By: David Xi-Ken Astor, Sensei

I always thought when I began my teaching practice that certain Buddhist principles were going to be harder than others to convey. Rebirth/reincarnation, impermanence and no-self, Dependent Origination, or even situational ethics were going to be tough especially from a Western contemporary perspective. But of all of these, and they are a close second, by far the hardest Buddhist concept to engage with the Sangha members has been that of enlightenment. I am not alone in this experience. My dharma brother, Wayne Ren-Cheng Shi, after years of teaching, makes a habit of not using the word enlightenment at all. Many Buddhist teachers I speak with, or read, also have reflected on this reality. So the obvious question is “Why?” The answer for me is simple because the English word enlightenment comes with a lot of baggage. While much of Buddhist thought can be classified as either philosophical or psychological, enlightenment falls in the human realm of the spiritual, even the mystical for some.

For those new to Buddhist study, meditation and enlightenment are linked often enough. The thinking is “Why meditate?”, “to become enlightened” they might say. So there it is, up front and center. Even when the teacher never talks about enlightenment when facilitating a meditation session. It is in the back of a practitioners mind if they are honest.

Our spiritual life is apart of the sweetness of a practice that can be transformative and deeply personal. When our meditation sessions move closer to serenity we experience moments of insight that might develop into feelings of bless at times, and that can create a need to grasp for more. It might also energize the notion that this insightful bless is close to what one might define as an awakened moment. The danger here is that we might be driven to want more. We become hooked on the experience and want to define it in terms that can be mystical. This misdirected feeling is a trap because it can be another act of grasping.
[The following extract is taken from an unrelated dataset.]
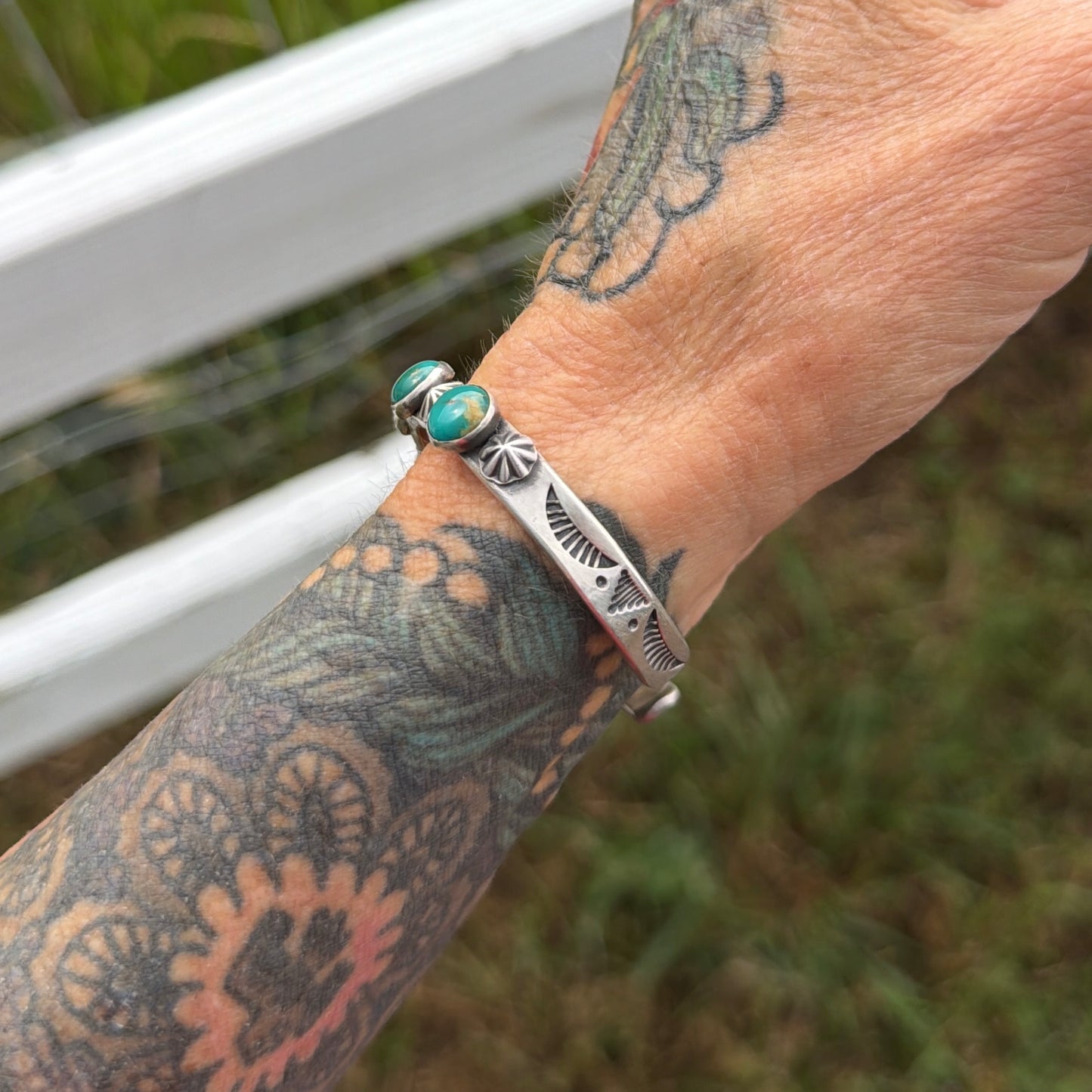 Kingman Turquoise 5 Stone Stacker Cuff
When we cling or grasp after something, even for a spiritual experience, we fall back into samsara which is another form of unsatisfactoriness.

So what are these experiences we might encounter during meditation, and do they have anything to do with enlightenment? From my experience with working with others in various stages of refining a meditation practice, they need to be viewed from the mediator’s worldview. They can be examples of simple feelings of tranquility to a heightened state of ecstasy. In a positive sense they are earthquakes that can shake your practice awake. They can also manifest in an experience of total absence of thought which can feel like an out-of-body moment. In these moments you might experience a real connection with the universe where the notion of self disappears. You come out of this thinking “This is it, I have had an enlightened experience!” This is what we call a meditation-high that can be addicting if we get carried away by running away from reality. What I say to students is to be careful. Celebrate your meditation session’s progress, but also be concerned. You might just be moving closer to glimpses of the nature of the mind, and thus reality, but you might also be experiencing a trick-of-the-ego-mind too. Interestingly, the spiritual path is not about personal sensational feelings, but about experiencing what is real and not filtered through our personal preferences and dispositions. When that happens, what is real might seem different and new to us, but it has been “just like that” all along.

The main concern we should recognize in these unique experiences is that they can misdirect our focus during meditation away from the study of ourselves and how we are, which is the real purpose of mindful meditation. Any extraordinary or passionate feelings are just temporary experiences that mediators need to be aware of, and not fall for the trap of distracting us away from the real purpose of our zazen. We can adjust our expectations during meditation periods by first judging our mood, and set our techniques accordingly. Awareness off the cushion is brought to the cushion. If you grasp after repeating a moving experience it becomes a distraction around the current sitting experience that prevents it from arising again. Another one of those Buddhist paradoxes.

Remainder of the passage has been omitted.